My concern for American families is precisely why I stood up and gave a standing ovation when Sen. Gillibrand fought for food stamps on the Senate floor saying the cuts made would mean "in the third week of the month, many families' children will go to school hungry and that's a high concern for me as a mother."

Gillibrand said,

So I urge my colleagues who are looking for places where we need to tighten our belts, please do not ask that of hungry children. It is the one place where we should not be tightening a belt. These are children who need this food.
But the "family values" crowd is entirely silent as we have these national debates about where the Federal government should be making budget cuts. And watch, they will continue to be silent as the talks become increasingly heated in the next 90 days. There will be no statements from National Organization for Marriage, American Family Association, Family Research Council or other "family values" leaders discouraging these sorts of cuts. I rarely go on record with predictions, but on this one I'm very confident.
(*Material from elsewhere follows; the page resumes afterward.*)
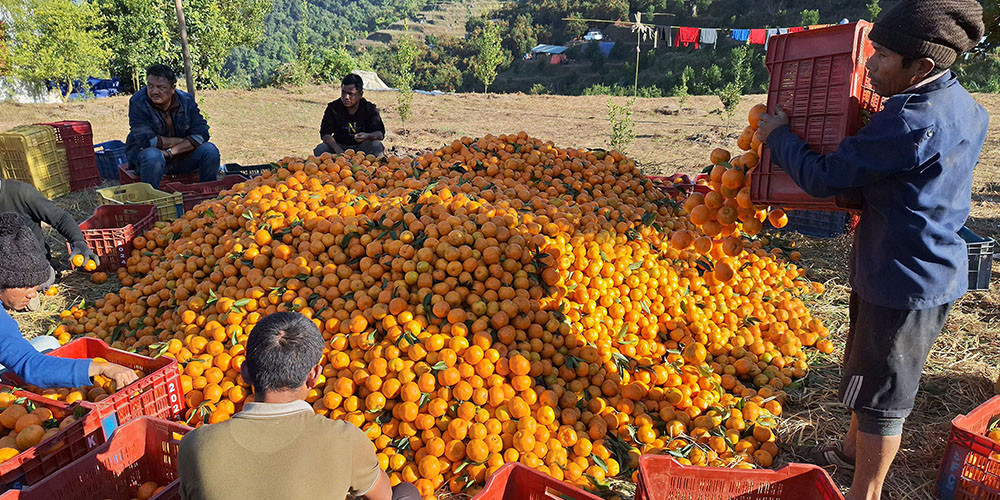सुन्तला खेतीबाट १० करोड भित्र्याउँदै इच्छाकामना गाउँपालिका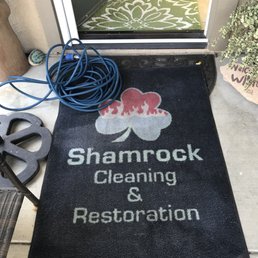 And by the way David and Damian say I'm their favorite customer! Well they're my favorite carpet and tile guys! And by the way David and Damian say I'm their favorite customer! Well they're my favorite carpet and tile guys!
But this "radical gay activist," like most is committed to fighting for programs like Social Security, Social Security disability, Medicare and Medicaid, food stamps, Head Start, generously funded public schools, school meals programs, cheaper college tuition, more and better avenues for grants and cheaper college loans, affordable housing, paid sick leave for wage workers. These are things that provide real pragmatic relief to families and will buy them more time to play Yahtzee, throw the ball in the back yard or attend the church ice cream socials, instead of having to take a shift greeting strangers at Walmart.

I hope someday these "defenders of families" will come to realize the socially conservative politicians they favor basically oppose anything that could make life easier for families, and are working only to benefit the already insanely rich. The conservative's chosen candidate for president recommended borrowing money from your parents to escape poverty, a insanely oblivious declaration they all but ignored.

And I hope as Maggie Gallagher soul searches and begins a new chapter she will reconsider her real goals and task herself to fighting the real cause of the deterioration of the American family as we've known it.

And hopefully she'll realize the gays aren't the real problem.